What is required: Beneath this task are records; print exactly the stretch of them from the line with "Ausgezeichnete" through the line with "PLAY Back To School K9 Scholar", both ends included.

Input records:
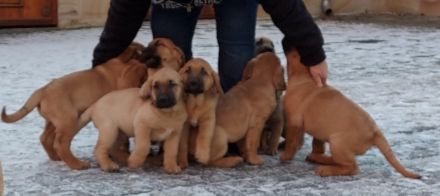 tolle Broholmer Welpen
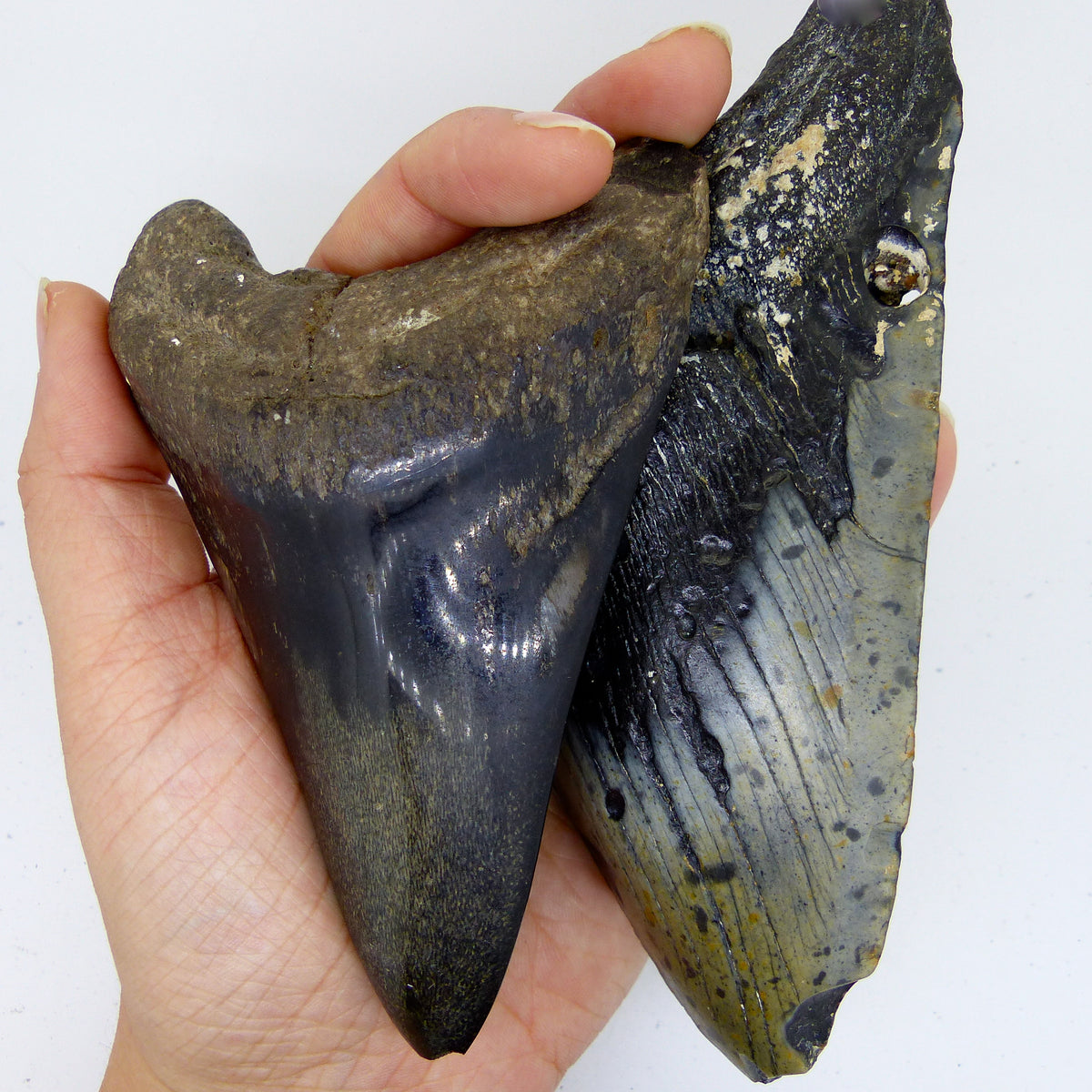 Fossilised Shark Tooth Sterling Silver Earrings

* * *

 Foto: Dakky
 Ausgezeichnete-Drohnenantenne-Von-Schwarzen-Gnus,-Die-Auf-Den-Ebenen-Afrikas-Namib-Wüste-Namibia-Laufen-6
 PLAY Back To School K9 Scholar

Your response:
 Ausgezeichnete-Drohnenantenne-Von-Schwarzen-Gnus,-Die-Auf-Den-Ebenen-Afrikas-Namib-Wüste-Namibia-Laufen-6
 PLAY Back To School K9 Scholar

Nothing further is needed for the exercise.